PROBLEM TO SOLVE: After counting the lines below that contain "Button", reply with that number alone.

RECORD EXCERPTS:
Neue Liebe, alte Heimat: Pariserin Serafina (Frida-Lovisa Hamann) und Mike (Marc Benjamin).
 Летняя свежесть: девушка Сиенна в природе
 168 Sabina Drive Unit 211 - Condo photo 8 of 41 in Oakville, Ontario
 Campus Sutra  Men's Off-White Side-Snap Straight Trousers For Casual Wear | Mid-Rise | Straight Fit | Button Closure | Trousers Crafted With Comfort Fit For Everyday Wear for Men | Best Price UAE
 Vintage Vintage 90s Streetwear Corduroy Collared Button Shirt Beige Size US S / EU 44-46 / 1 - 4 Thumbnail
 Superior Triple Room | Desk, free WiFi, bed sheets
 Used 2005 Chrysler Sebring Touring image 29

ANSWER FOR THIS EXERCISE: 2